Sunday, December 9, 2007

Excerpt from our JavaScript class, part of the front end group I co-run with my posse at Ascentium.

I am one of Ascentium's rock stars =)
Ascentium
I am a front end dev at Ascentium: working with peers to ensure the quality of our work by learning & teaching best practice in all aspects of front end code. We look at up-to-date methods in CSS, JavaScript and page structure: and teach how to make our sites perform well for SEO, accessibility, page load times, maintainability & the cross-browser experience. We are blessed to be in an organization where many folks from many job roles are fired up about these things.
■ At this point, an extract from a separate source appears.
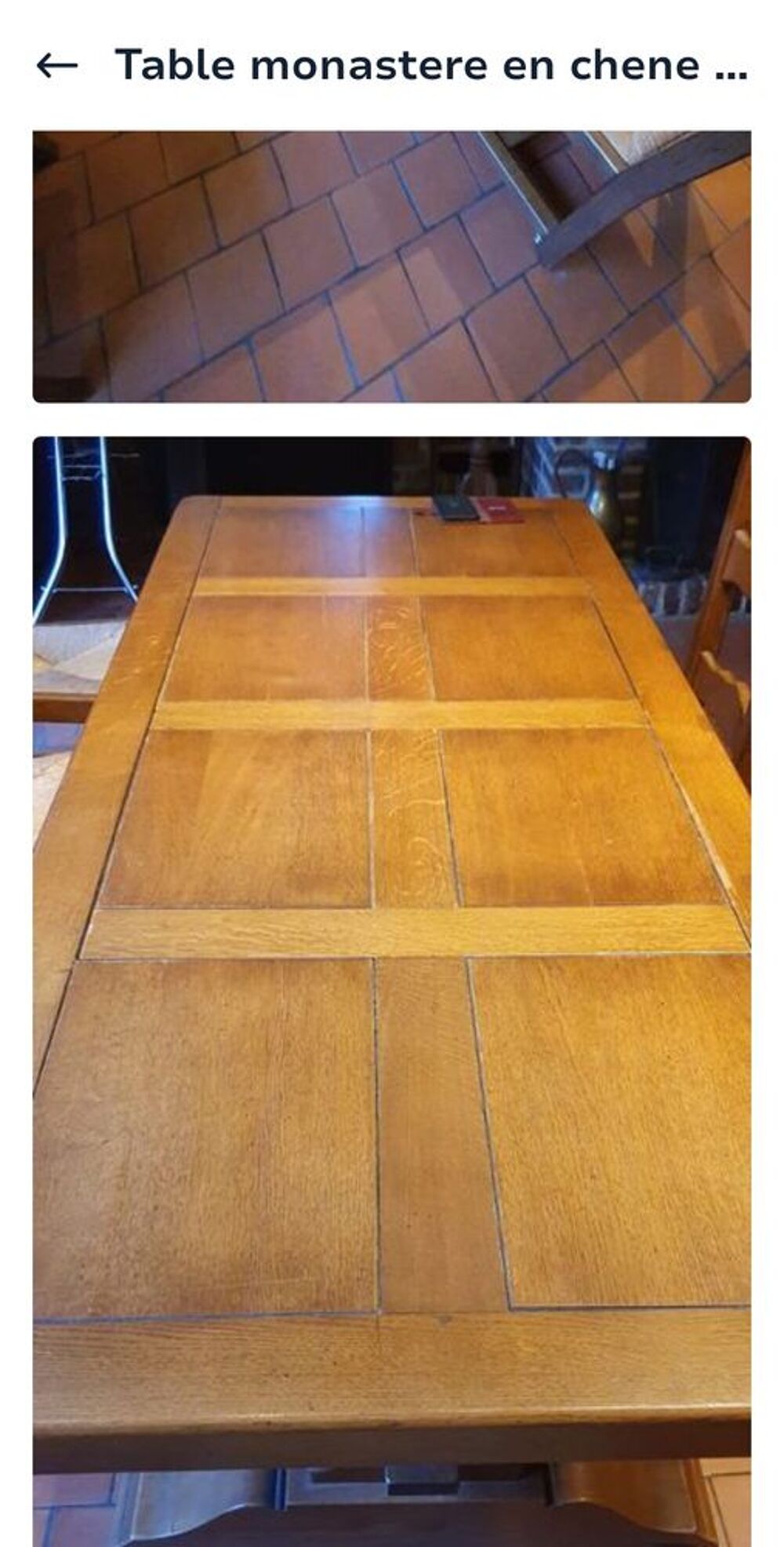 Table monast&egrave;re en ch&ecirc;ne avec ses 6 chaises Meubles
My experience at Microsoft as a user tester at Expression Web is incredibly useful in this. The Expression team at Microsoft are passionately serious about web standards and ensuring that the web sites of the future will be standards-based, and therefore adhere to the standards brought to the table by the many interest groups that require this. They are an incredibly well-informed and intelligent group of people in the center of the team creating the future of web design.

This blog post is a taste of the type of information that we share in our JavaScript class at Ascentium.

Concepts from Jeremy Keith's fine DOM Scripting book

JavaScript’s History
Netscape enabled JavaScript for the first time in 1995 with Navigator 2.
Microsoft struggled to play catch up, enabling JScript in IE3.
Netscape & Sun worked with the ECMA (the European Computer Manufacturers Association) to standardize the language. The standardized version was called ECMAScript. By 1996, the standardized script was taken up in varying degrees by browser versions 3 and above: the script version is widely known as JavaScript 1.1. The current version of JavaScript is JavaScript 1.6. The W3C encourage browser coders to standardize JavaScript implementations.

Best-practice JavaScript
Degrade gracefully means that the page appears acceptable and behaves in an acceptable manner in older browsers/browsers with incomplete support for the JavaScript functions, or no JavaScript functionality at all. For instance, navigation must not depend on JavaScript.

Backwards compatibility means compatible with older browsers, or browsers with limited or no JavaScript functionality.

Another aspect of best-practice JavaScript scripting is enabling pages to load as quickly as possible. This comes from: externalizing scripts, so that they download once for the entire site (and then are cached by the browser and reused by the pages of the site); and limiting the size of the script by thinking carefully about its syntax.